WHAT TO PRODUCE: Return only the stretch of the material below that begins with the line containing "Pojistková skříňka A2305450932" and ends with the line containing "Agentes de la", exactly; both of those lines belong to it.

THE INPUT:

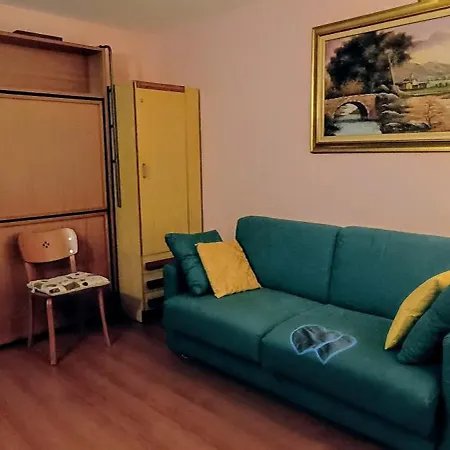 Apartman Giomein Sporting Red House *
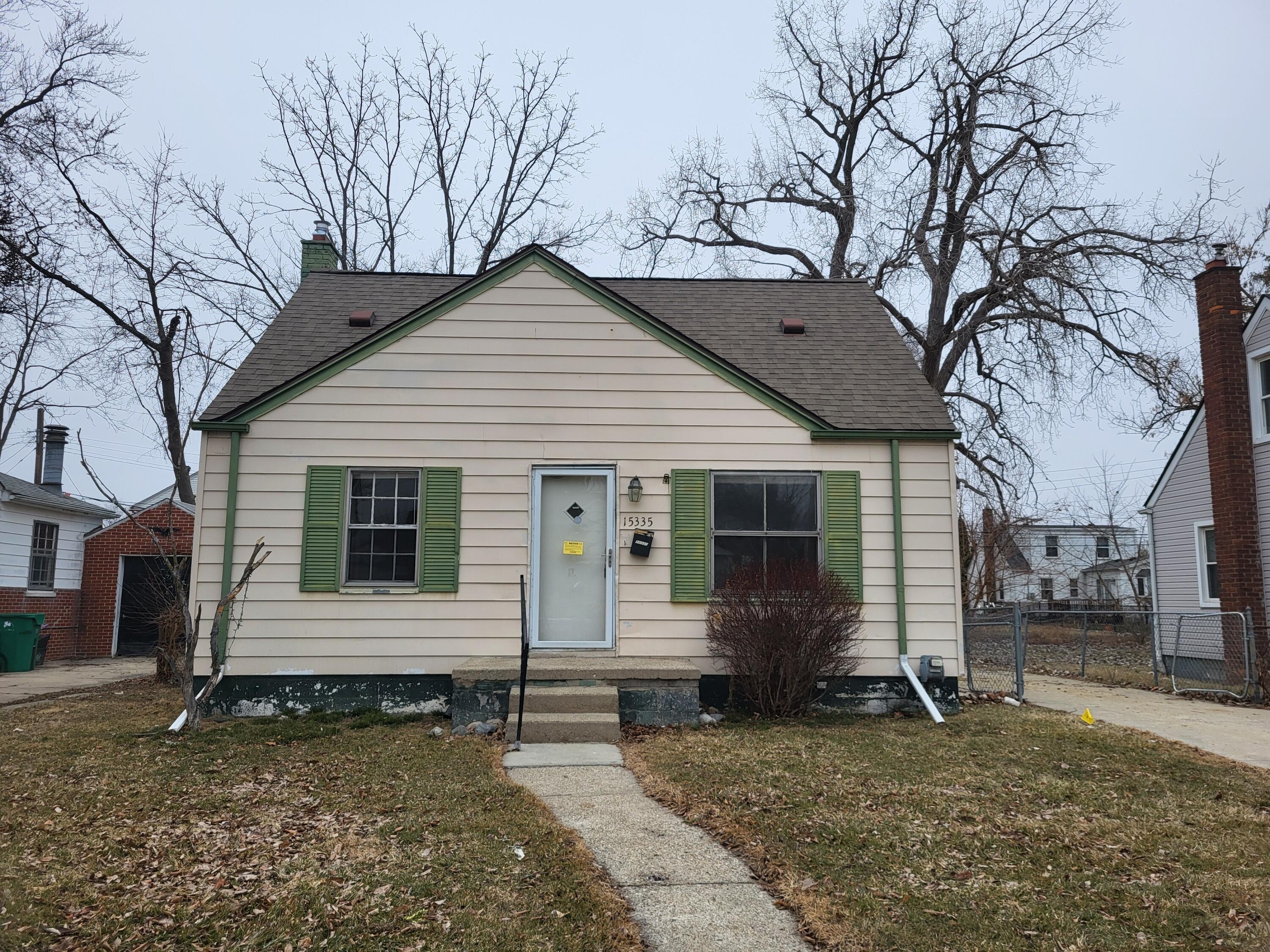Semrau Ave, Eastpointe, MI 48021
* * *
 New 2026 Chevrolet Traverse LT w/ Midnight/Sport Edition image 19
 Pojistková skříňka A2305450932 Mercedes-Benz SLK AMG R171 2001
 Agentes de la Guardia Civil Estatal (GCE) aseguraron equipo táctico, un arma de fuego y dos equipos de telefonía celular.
---
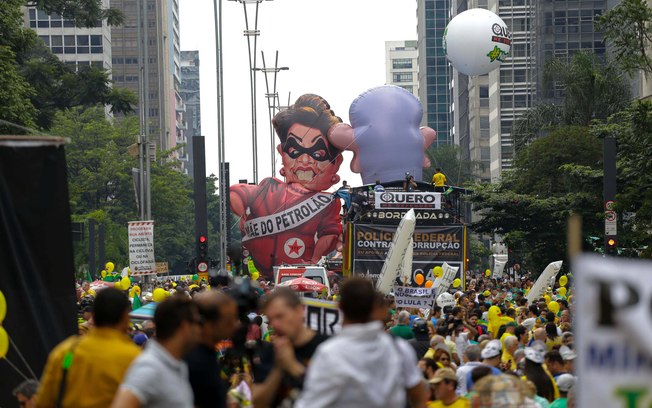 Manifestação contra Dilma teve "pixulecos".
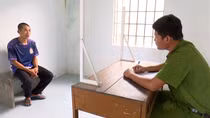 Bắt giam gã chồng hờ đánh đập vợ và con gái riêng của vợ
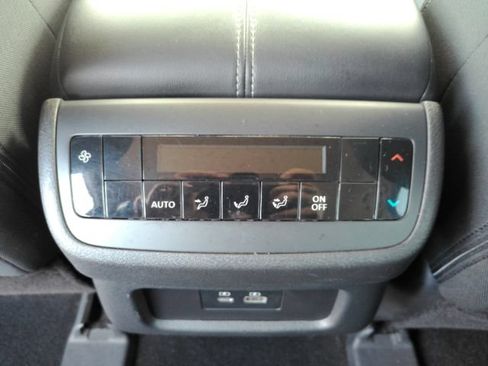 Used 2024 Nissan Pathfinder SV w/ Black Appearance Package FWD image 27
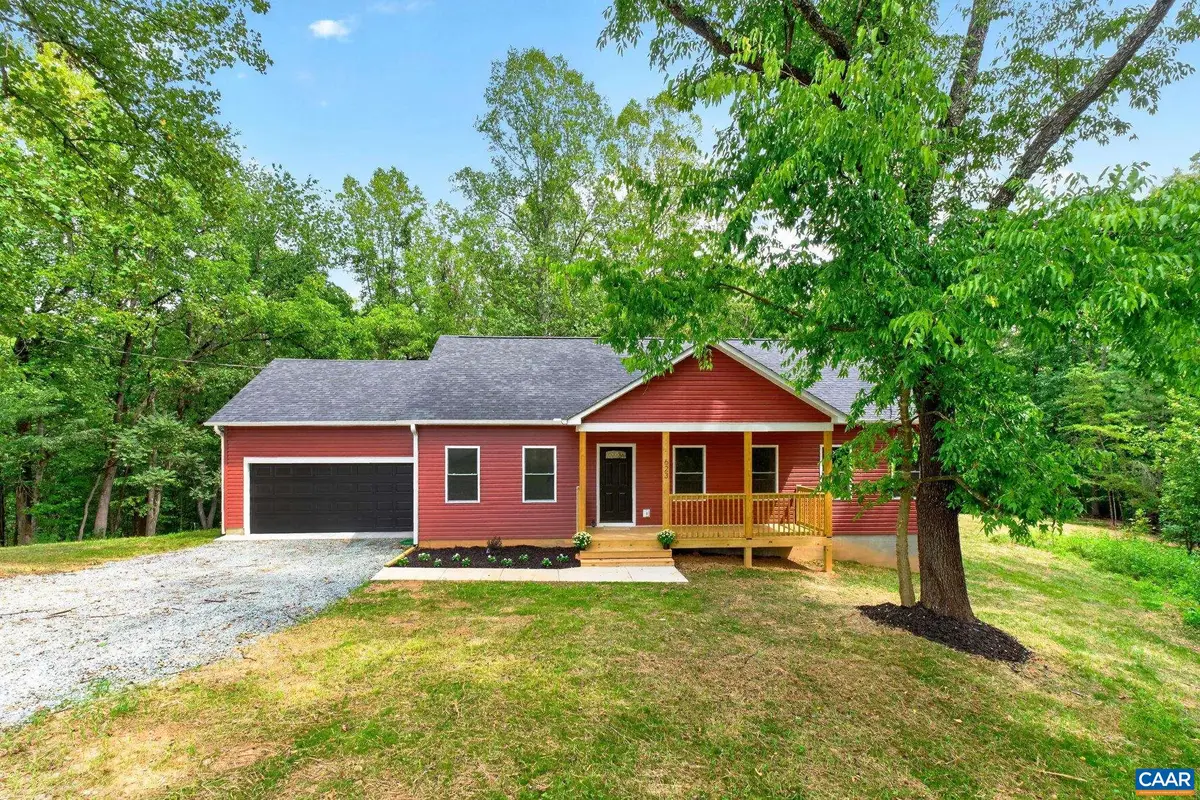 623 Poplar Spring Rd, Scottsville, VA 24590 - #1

RESPONSE BOX:
 Pojistková skříňka A2305450932 Mercedes-Benz SLK AMG R171 2001
 Agentes de la Guardia Civil Estatal (GCE) aseguraron equipo táctico, un arma de fuego y dos equipos de telefonía celular.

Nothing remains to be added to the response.